§ **Task prompt**
Leave out all pictures while you copy the lines exactly from the one with "Older Man Stands and Prays in A Mosque 2" through the last line of the listing.

§ **Dataset section**

╔══

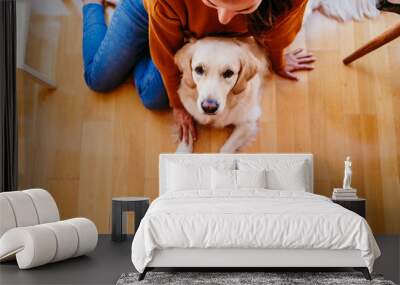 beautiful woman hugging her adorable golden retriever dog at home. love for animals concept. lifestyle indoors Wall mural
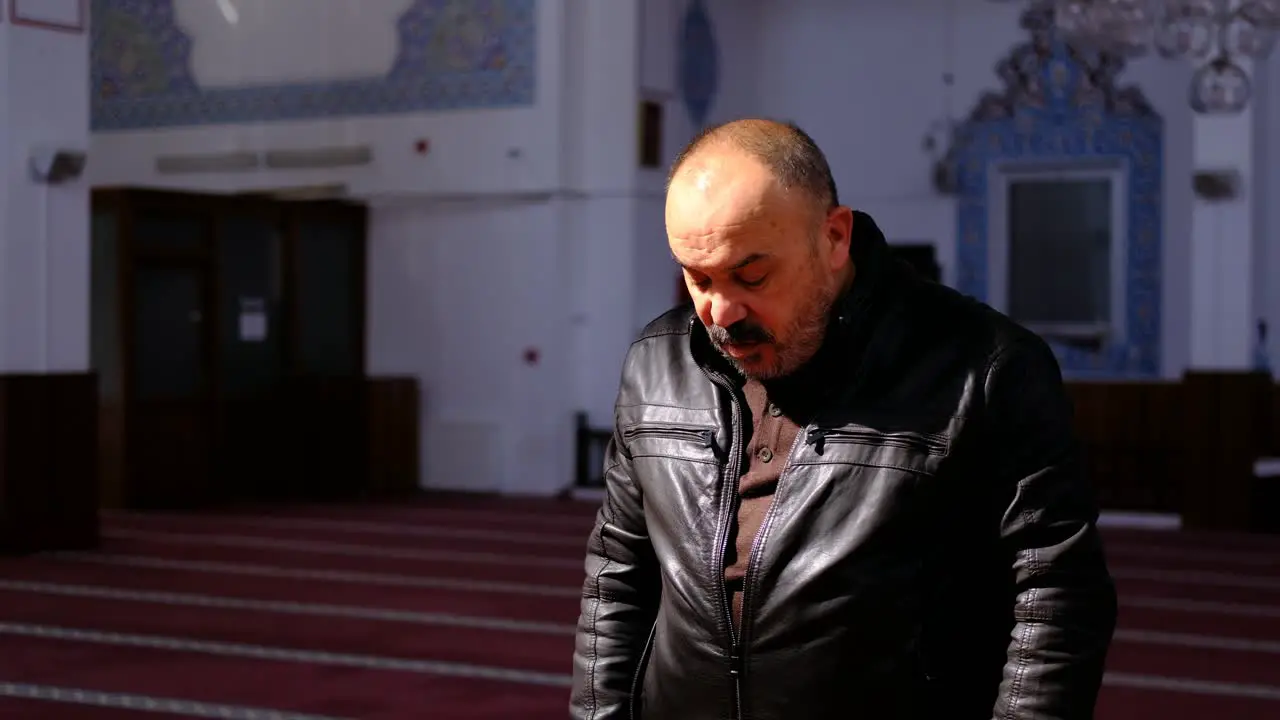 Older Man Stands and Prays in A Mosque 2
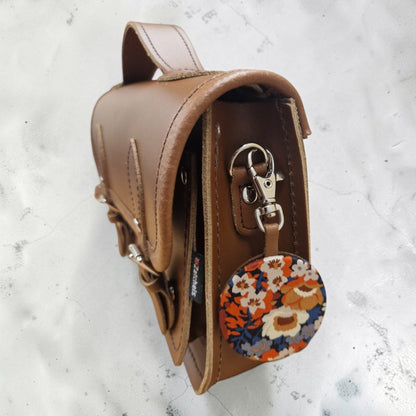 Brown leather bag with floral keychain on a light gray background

╚══

§ **Solution to this problem**
 Older Man Stands and Prays in A Mosque 2
 Brown leather bag with floral keychain on a light gray background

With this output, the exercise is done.